While we all know what a priest is, the term Levite deserves an explanation.

“And thy brethren also of the tribe of Levi, the tribe of thy father, bring thou with thee, that they may be joined unto thee, and minister unto thee.… / And they shall keep thy charge, and the charge of all the tabernacle….”—Numbers 18:2-3.

Bottom line: the Levites were a tribe of Israel. They were in charge of the places of worship, where the priests gave their sermons. These were holy men, allies of the mugged traveler. They practiced mercy and compassion every day. They might’ve felt compassion for the injured man, but they chose to not show mercy.

I sometimes wonder if the Pharisees got a “bum rap.” After everything the Israelites went through during the Old Testament, they finally stopped questioning God, and obeyed His laws to the letter. I can’t fault them for remaining true to their beliefs, when Jesus came along with his new teachings.

“Woe unto you, scribes and Pharisees, hypocrites! For ye pay tithe of mint and anise and cumin, and have omitted the weightier matters of the law, judgment, mercy, and faith: these ought ye to have done, and not to leave the other undone.”—Matthew 23:23.

Like the Rich Young Lord, and the lawyer, priest, and Levite from this story, the Pharisees were insincere; they obeyed the letter of the law, but not the spirit. They must’ve been really jealous too. They gave their lives to God, and then some hippy punk strolled into town, claiming to be the Messiah.

“And the Pharisees also, who were covetous, heard all these things: and they derided him. / And he said unto them, Ye are they which justify yourselves before men; but God knoweth your hearts; for that which is highly esteemed among men is abomination in the sight of God.”—Luke 16:14-15.

The priest and the Levite followed all of God’s laws, but they were unwilling to make themselves vulnerable, to give all they had to the poor, those in need of mercy—where “all they had” was, in this case, risking their lives.

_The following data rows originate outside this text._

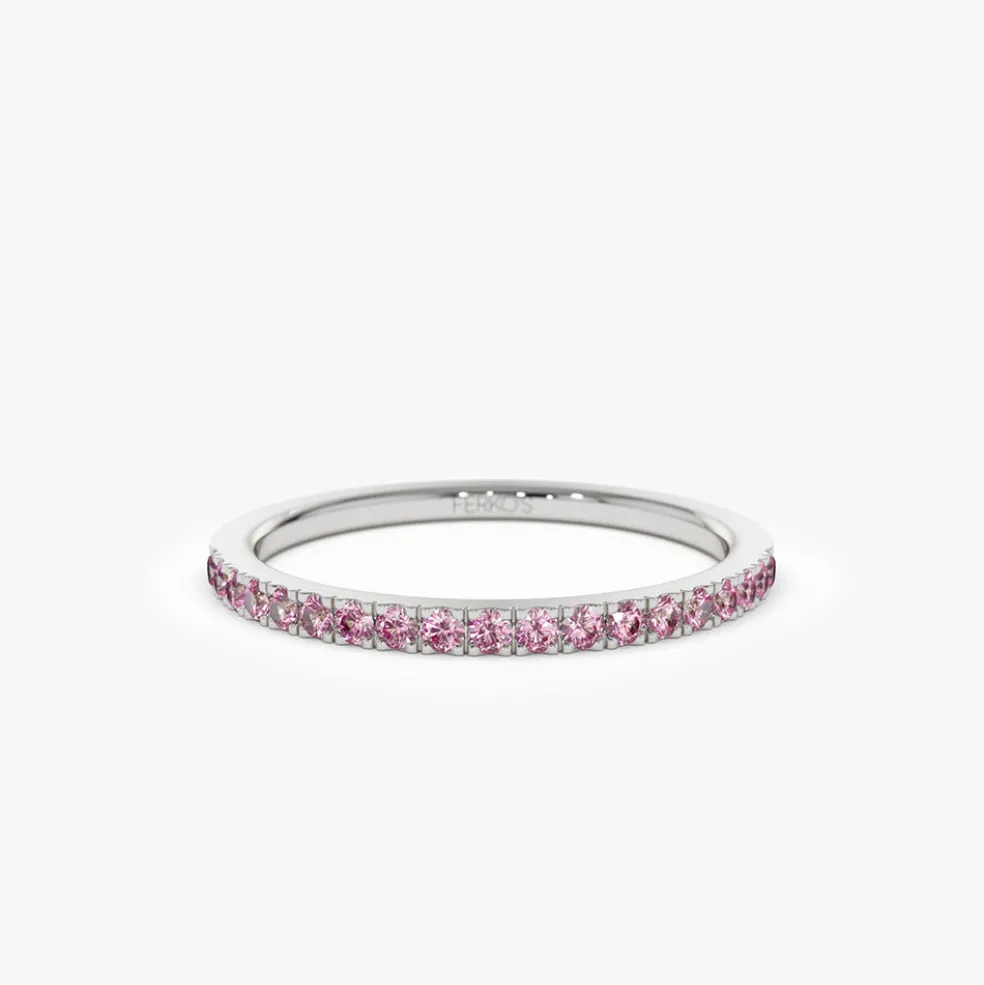 14k Half Eternity Pink Sapphire Ring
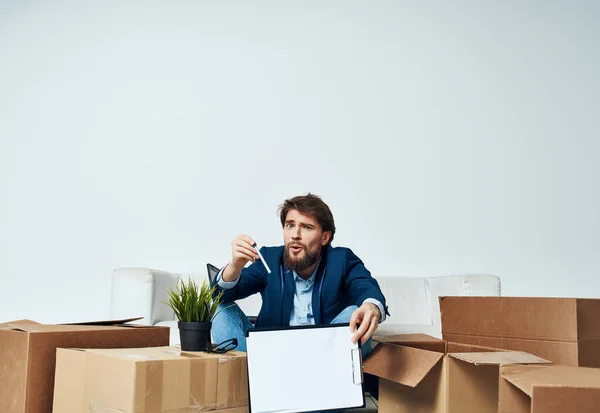 business man boxes with things office moving work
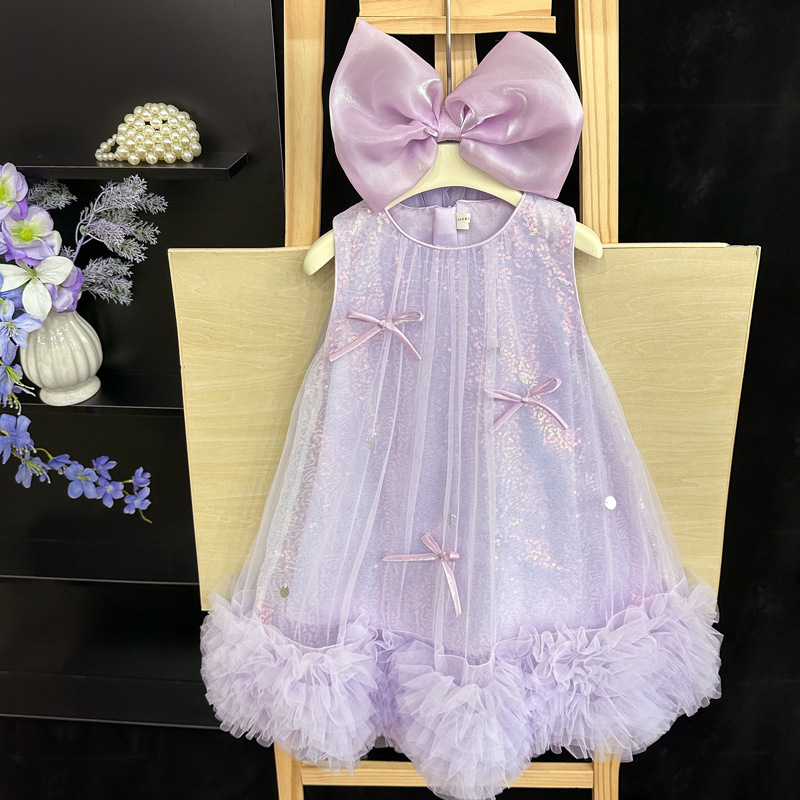 女小童夏款无袖连衣裙2026新款洋气女宝宝网纱公主裙儿童夏季裙子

“But a certain Samaritan, as he journeyed, came where he was and when he saw him, he had compassion on him, / And went to him, and bound up his wounds, pouring in oil and wine, and set him on his own beast, and brought him to an inn, and took care of him.”—Luke 10:33-34.

The same possible, hidden bandits were in the Samaritan’s mind too, I’d wager. He had to choose, just like the priest and Levite. Further, Jews and Samaritans didn’t get along. Of their relationship, the Bible said this:

“…Jews have no dealings with the Samaritans.”—John 4:9.

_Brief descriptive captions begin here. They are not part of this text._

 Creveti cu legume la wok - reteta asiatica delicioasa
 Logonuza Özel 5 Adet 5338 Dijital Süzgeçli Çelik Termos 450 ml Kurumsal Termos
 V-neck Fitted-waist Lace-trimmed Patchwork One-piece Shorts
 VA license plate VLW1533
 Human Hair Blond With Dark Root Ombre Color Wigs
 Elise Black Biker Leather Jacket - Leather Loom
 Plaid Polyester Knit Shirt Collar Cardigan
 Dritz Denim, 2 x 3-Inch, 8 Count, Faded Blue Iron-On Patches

If we’re unwilling to make the choice, if we decide to remain neutral and not get involved, the outcome still occurs. Had it not been for the Samaritan, the traveler would’ve died; and the priest and Levite would be responsible.

We can’t be responsible for the whole world. But we are responsible for what lies in the realm of our experience. Though we think of helping others as making ourselves vulnerable, remember that mercy has a dual existence:

“The merciful man doeth good to his own soul: but he that is cruel troubleth his own flesh.”—Proverbs 11:17.

Helping others is the best way to help yourself. You’ll feel great! Life will be so much more beautiful when you’ve helped someone who couldn’t help themselves.

“There hath no temptation taken you but such as is common to man: but God is faithful, who will not suffer you to be tempted above that ye are able; but will with the temptation also make a way to escape, that ye may be able to bear it.”—I Corinthians 10:13.

We are all potential shepherds, angels to those in need. We are each other’s Plan B, last hope, and hidden Ace. While seemingly complicated, the choice is simple: look after yourself, don’t get involved, and you’ll never feel connected; or be a Good Samaritan—Let go of petty differences, take responsibility for the moment you are in, and not only save someone else, but yourself too.

“Not by works of righteousness which we have done, but according to his mercy he saved us, by the washing of regeneration, and renewing of the Holy Ghost.”—Titus 3:5.

Mercy saves us, if we choose to allow it.

“Which now of these three, thinkest thou, was neighbor unto him that fell among the thieves? / And he said, He that showed mercy on him. Then said Jesus unto him, Go, and do thou likewise.”—Luke 10:36-37.